Ankara/Damaskus. Die Türkei hat nach eigenen Angaben Ziele in Syrien beschossen. Dies sei eine Vergeltung für die aus Syrien abgeschossene Granate, bei der im Grenzgebiet zu Syrien fünf Menschen ums Leben gekommen seien, hieß es aus dem Büro des türkischen Regierungschefs Tayyip Erdogan. "Dieser Angriff ist von unseren Streitkräften sofort erwidert worden", erklärte Erdogan am Mittwochabend in Ankara. Die türkischen Streitkräfte feuerten demnach "auf Ziele entlang der Grenze, die mit Radar identifiziert" worden waren.

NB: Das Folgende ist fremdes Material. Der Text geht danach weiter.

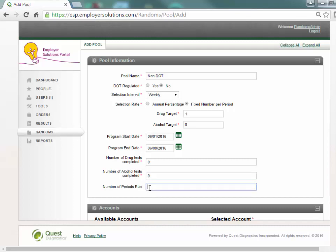Number of periods run is not a required field and is purely informational for you.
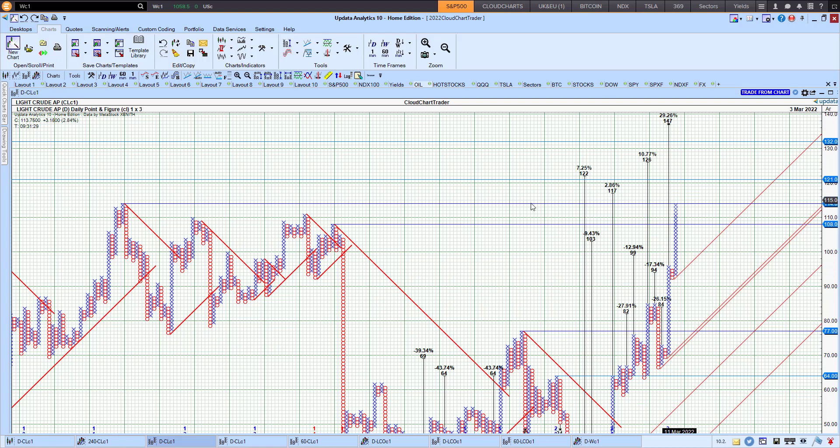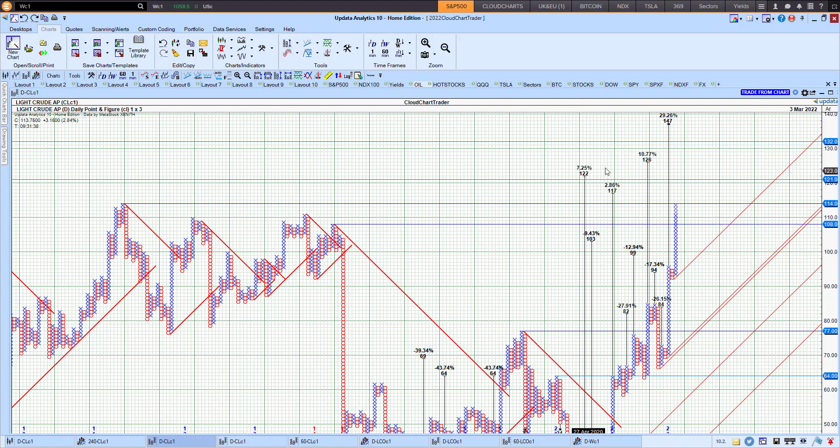So watch out for any point and figure chart reversal in and around these targets. But so far, strong uptrend based on the point and figure chart with these upside targets of 122 and 127 after hitting 117. We're very close to hitting the 117 upside target.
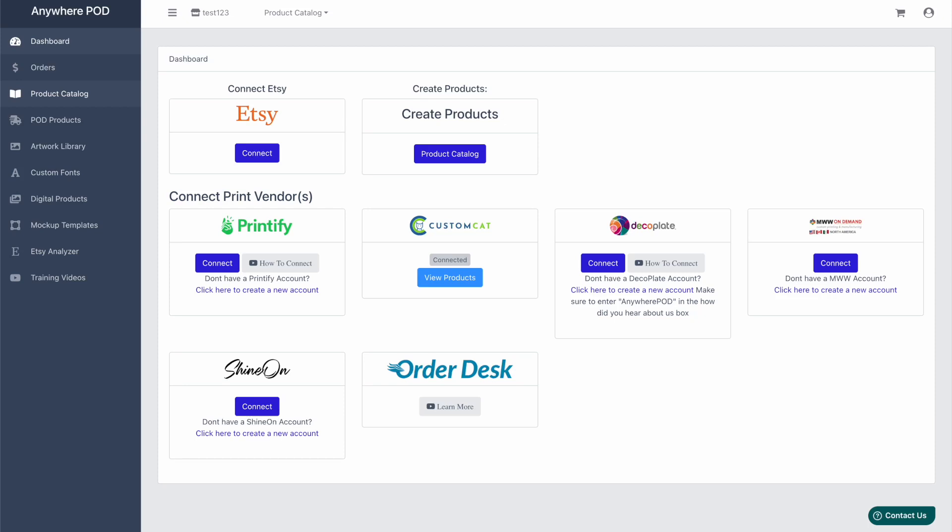Hey guys, Chris Meets with Anywhere POD here. Today we wanted to go over how to set up our newest integration with ShineOn.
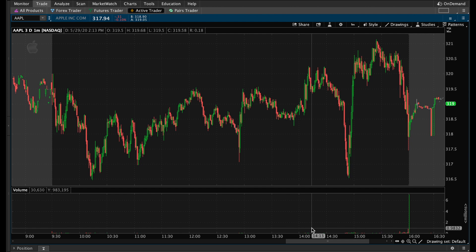When I first started using Thinkorswim I didn't know too much, and every time I logged in I would manually add my studies one at a time — until I realized there's a way that you could save these studies so that every time you come in you can just load them up and you're good to go. I'm going to use my two favorites: VWAP and the nine-day exponential moving average.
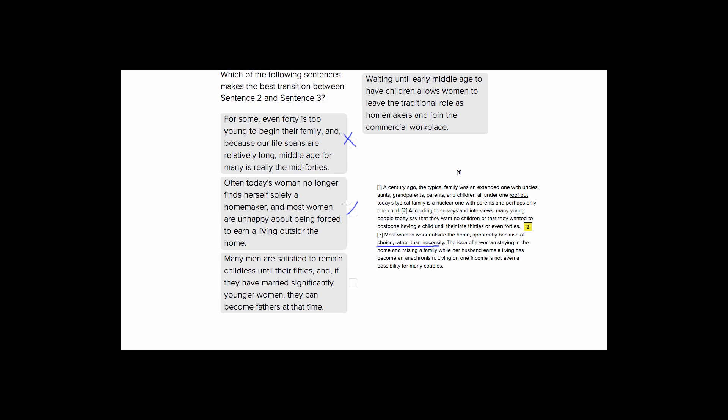Choice three. Many men are satisfied to remain childless until their 50s and if they have married significantly younger women they can become fathers at that time. So sentence three is about women. So having this sentence about men and remaining childless doesn't make sense in the context of the passage. Not good.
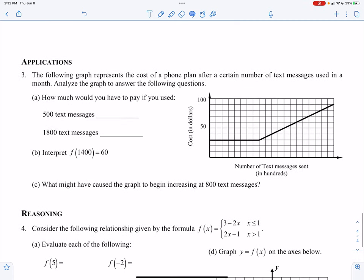Number three and number four are the application and reasoning part of our independent assignment. Try and pause and do as much as you can, and check your answers with this video tutorial. The following graph represents the cost of a phone plan after a certain number of text messages used in a month. Analyze the graph to answer the following questions.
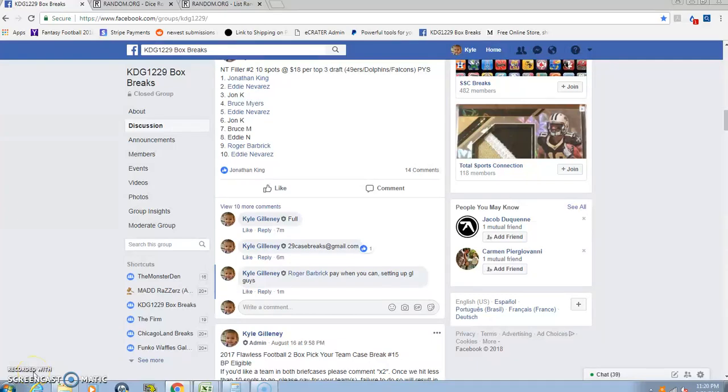Hey what's up guys, Late Late Phil here. This is the NT top three Dolphins, Falcons, 49ers. We're going live.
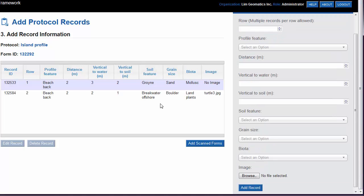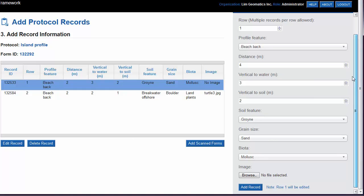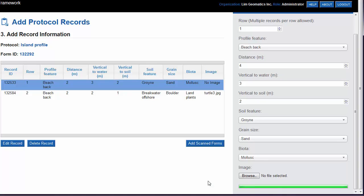If we've made a mistake, we can change it by selecting the record and clicking on the Edit Record button. The record information will reappear at the right-hand side. We can make the modification and then click Add Record again to make the change.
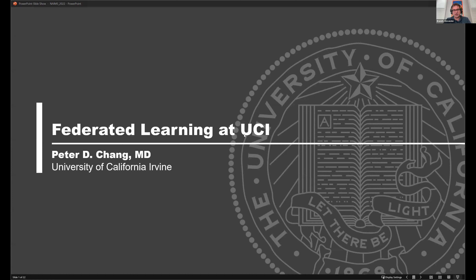That being said, it's my great pleasure to introduce my now former colleague, Peter Chang from UC Irvine, who is co-founder and co-director of the Center for Artificial Intelligence and Diagnostic Medicine. He is a diagnostic neuroradiologist, an expert in machine learning, especially deep learning, and has run quite some federated learning projects. I'm very happy to introduce him and now hand over to him.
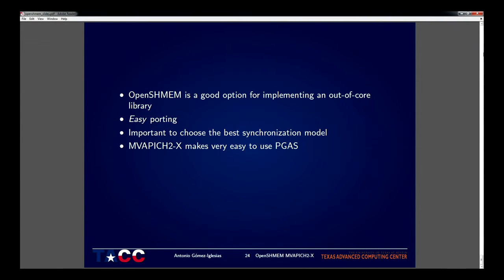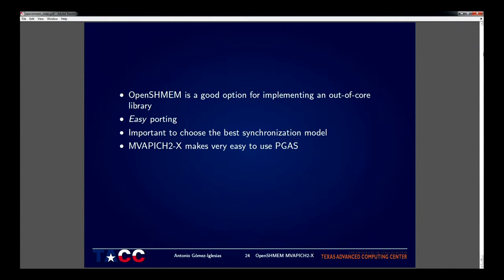That was my presentation. I would say OpenSHMEM is a good option for this use case. It's easy to use, and it's kind of easy to port something from MPI to OpenSHMEM. Getting good performance is not that easy, but you always have the same problem everywhere, so nothing new there. It's important to choose the right synchronization mechanism. Thanks to Mvapich2x, it's very easy to use with MPI or OpenSHMEM. We can see that a lot of users are actually using Mvapich2x - it's increasing slowly but it's increasing, so there's some kind of interest. We want to keep talking to different groups about different technologies.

Die Nachrichtenagentur Anadolu meldete in der Nacht zum Donnerstag, der Beschuss militärischer Ziele in Syrien durch die Türkei dauere seit dem späten Abend an. Türkische Granaten hätten heftige Explosionen auf der syrischen Seite der Grenze ausgelöst. Dabei seien auch syrische Soldaten getötet worden, berichtet syrische Oppositionskreise. Auch am Donnerstag setzte die türkische Armee den Beschuss syrischer Stellungen fort.
In einem Brief hat die Türkei auch den UNO-Sicherheitsrat aufgefordert, die "notwendigen Schritte" gegen "Akte der Aggression" Syriens zu setzen. Bei den Mörserattacken von syrischen Truppen auf türkischem Gebiet habe es sich um "eklatante Verletzungen internationalen Rechts" gehandelt. Die USA und Großbritannien hatten der Türkei zuvor zugesichert, ein Vorgehen gegen Syrien in den Gremien der UNO und der NATO zu unterstützen.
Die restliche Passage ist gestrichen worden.